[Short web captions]
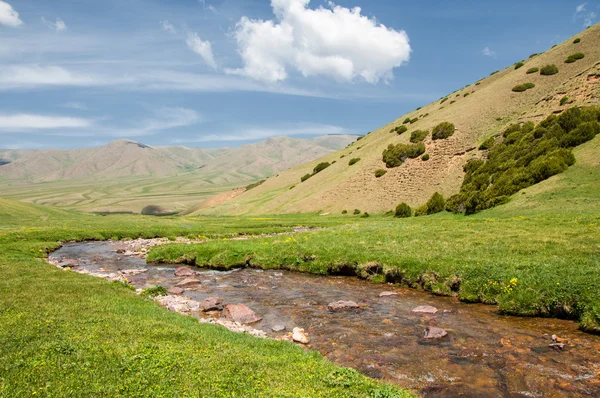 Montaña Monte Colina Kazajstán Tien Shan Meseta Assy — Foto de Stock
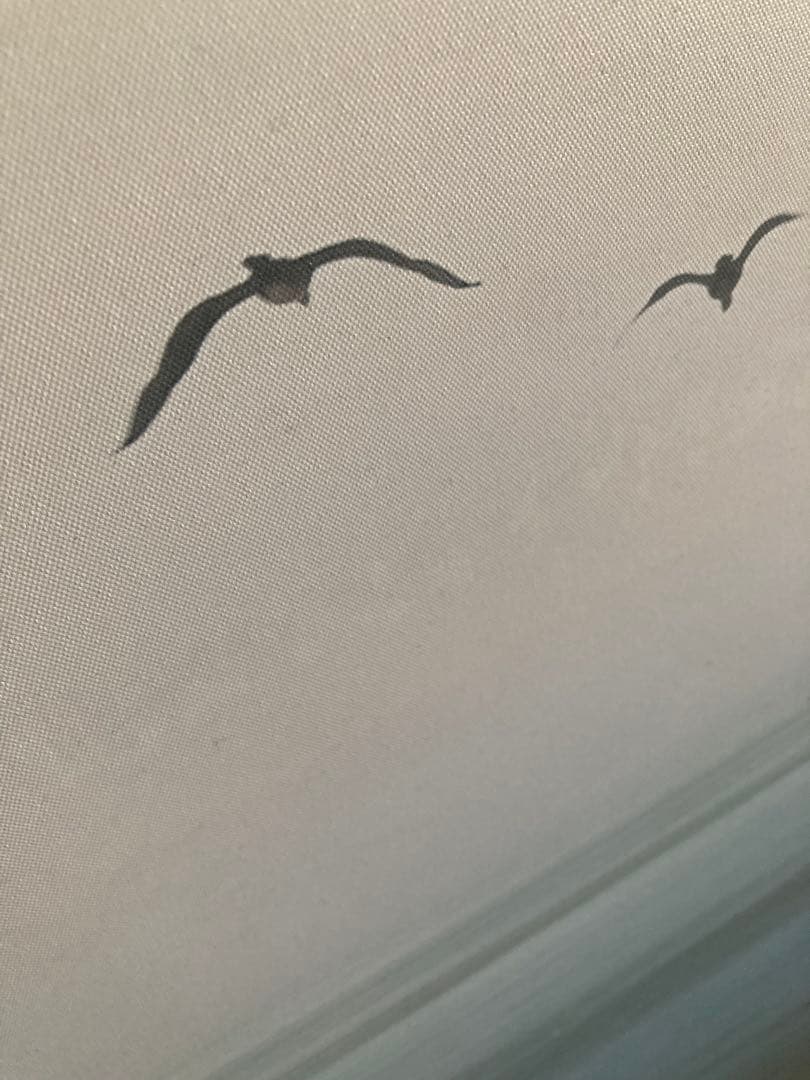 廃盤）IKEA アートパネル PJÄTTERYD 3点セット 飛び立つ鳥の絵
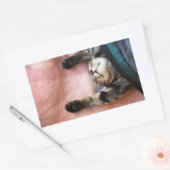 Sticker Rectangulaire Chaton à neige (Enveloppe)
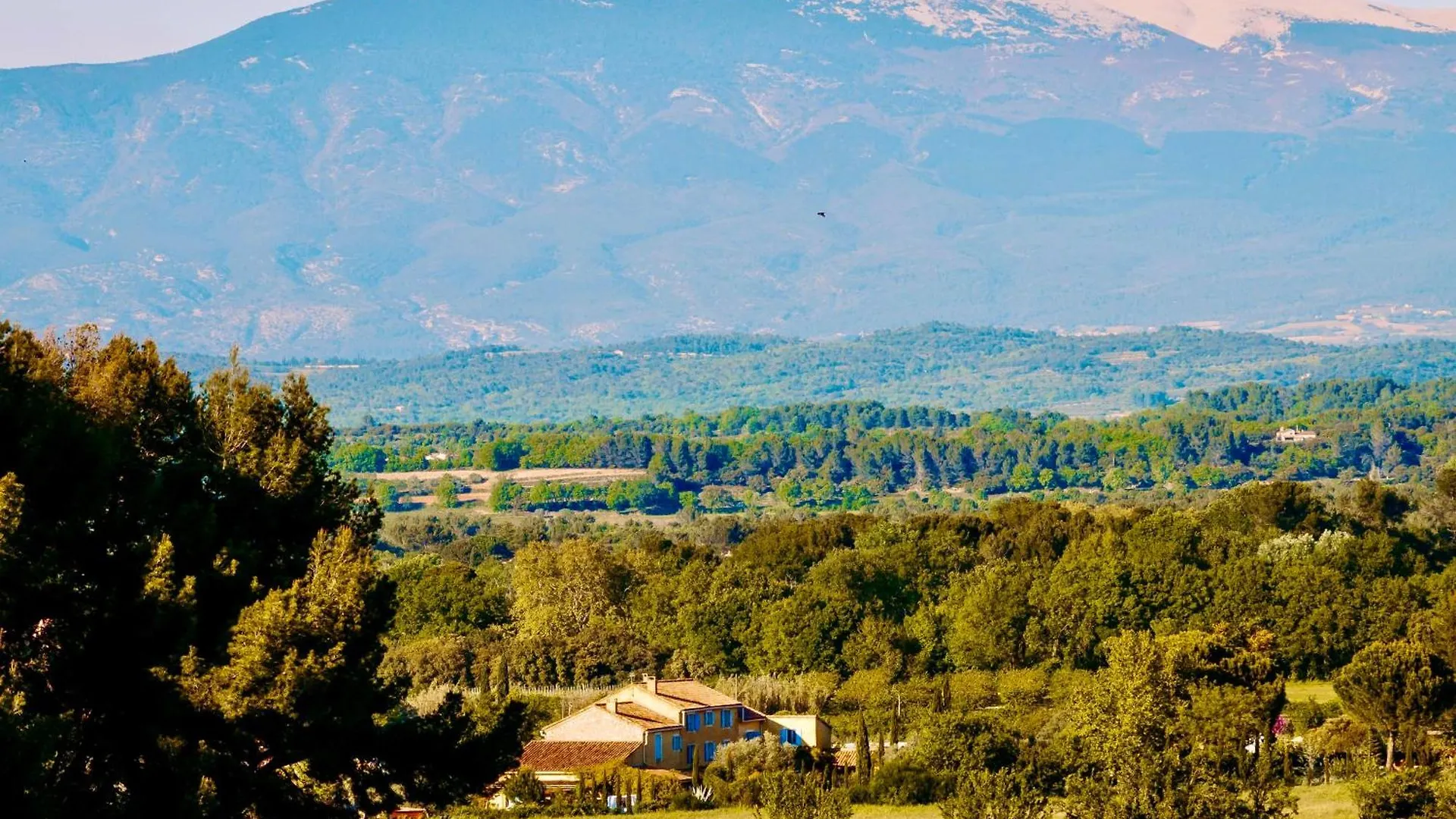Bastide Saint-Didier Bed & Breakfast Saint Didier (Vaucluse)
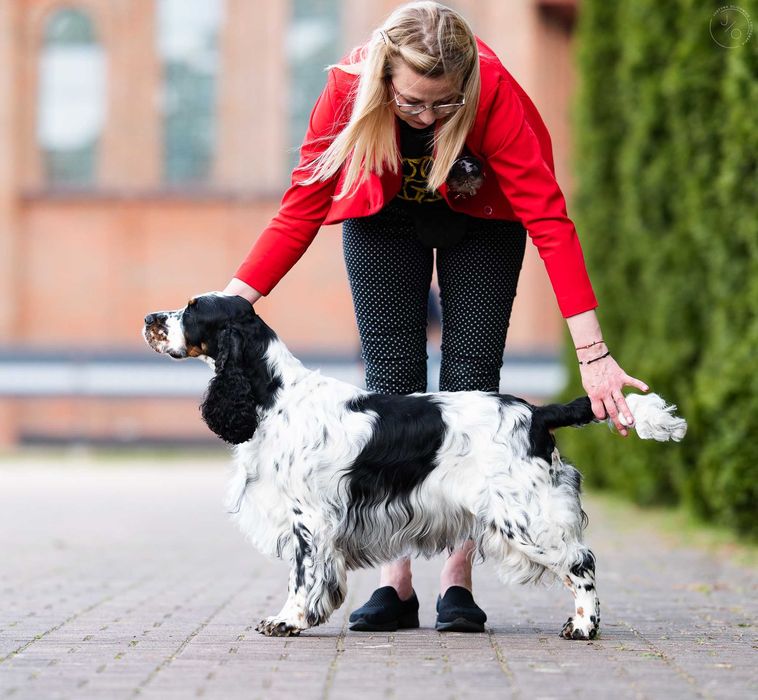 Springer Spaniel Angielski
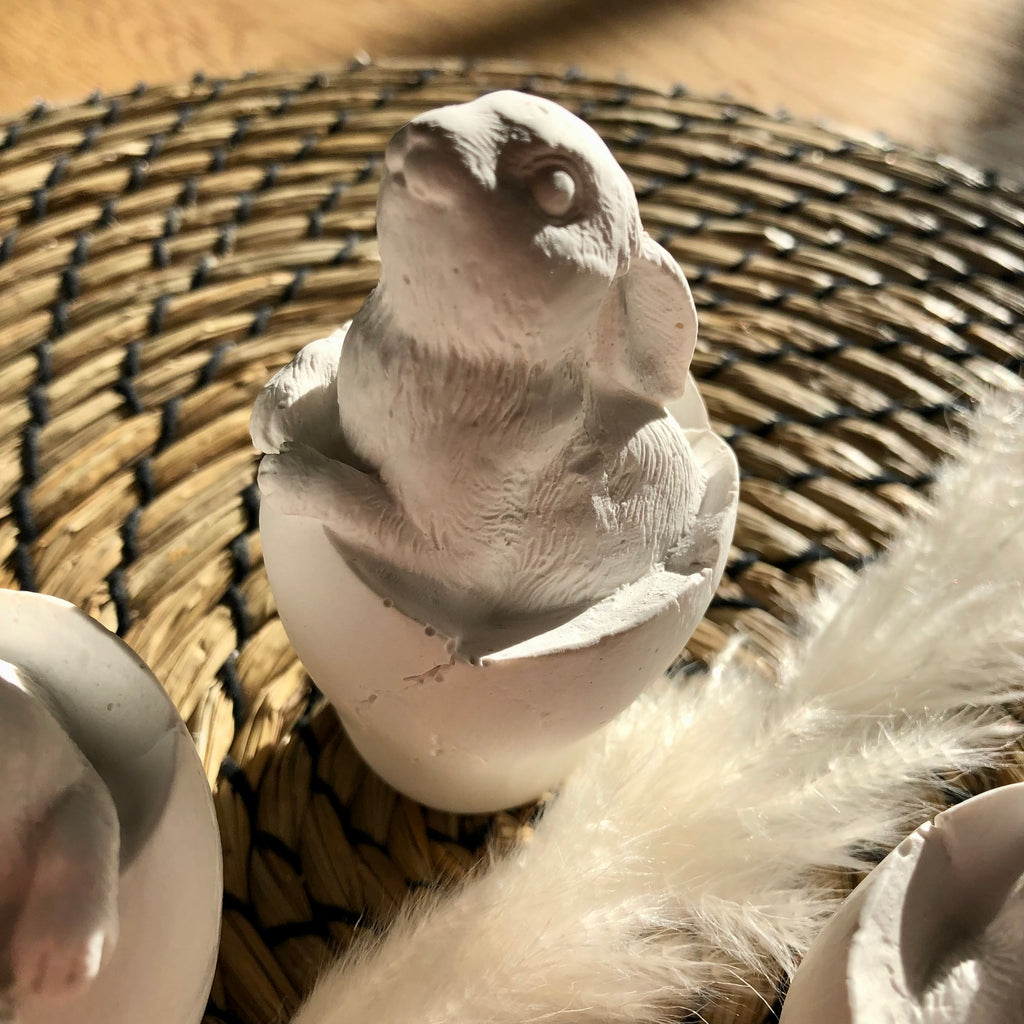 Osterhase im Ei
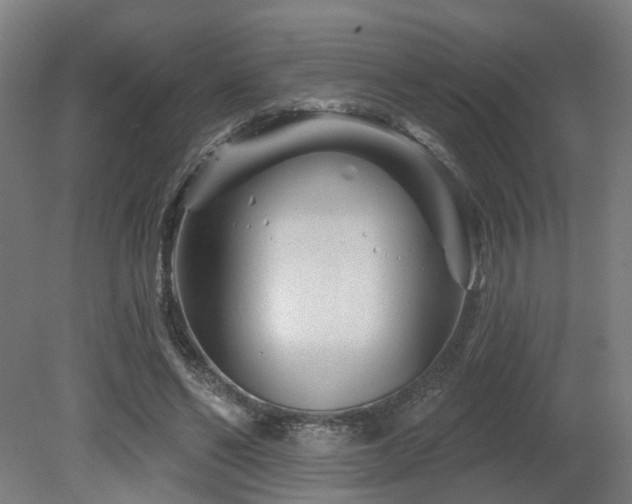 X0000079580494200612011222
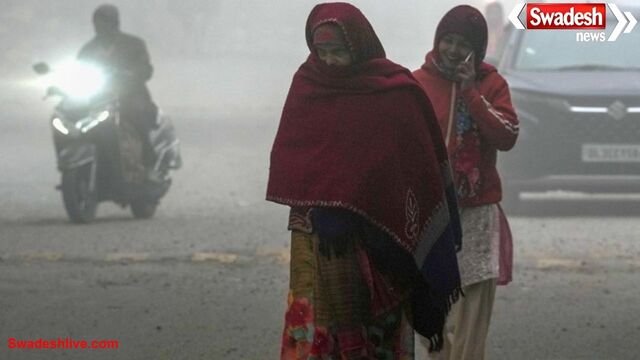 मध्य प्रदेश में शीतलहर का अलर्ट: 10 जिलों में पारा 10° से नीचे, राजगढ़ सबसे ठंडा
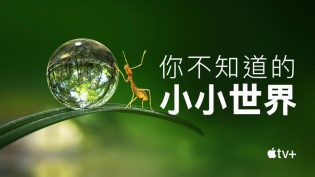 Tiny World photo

» **EXERCISE REQUIREMENTS**
The answer consists of the lines from the one holding "廃盤）IKEA アートパネル PJÄTTERYD 3点セット 飛び立つ鳥の絵" to the end of the records, inclusive, restated exactly and without pictures.

» **RESULT**
 廃盤）IKEA アートパネル PJÄTTERYD 3点セット 飛び立つ鳥の絵
 Sticker Rectangulaire Chaton à neige (Enveloppe)
Bastide Saint-Didier Bed & Breakfast Saint Didier (Vaucluse)
 Springer Spaniel Angielski
 Osterhase im Ei
 X0000079580494200612011222
 मध्य प्रदेश में शीतलहर का अलर्ट: 10 जिलों में पारा 10° से नीचे, राजगढ़ सबसे ठंडा
 Tiny World photo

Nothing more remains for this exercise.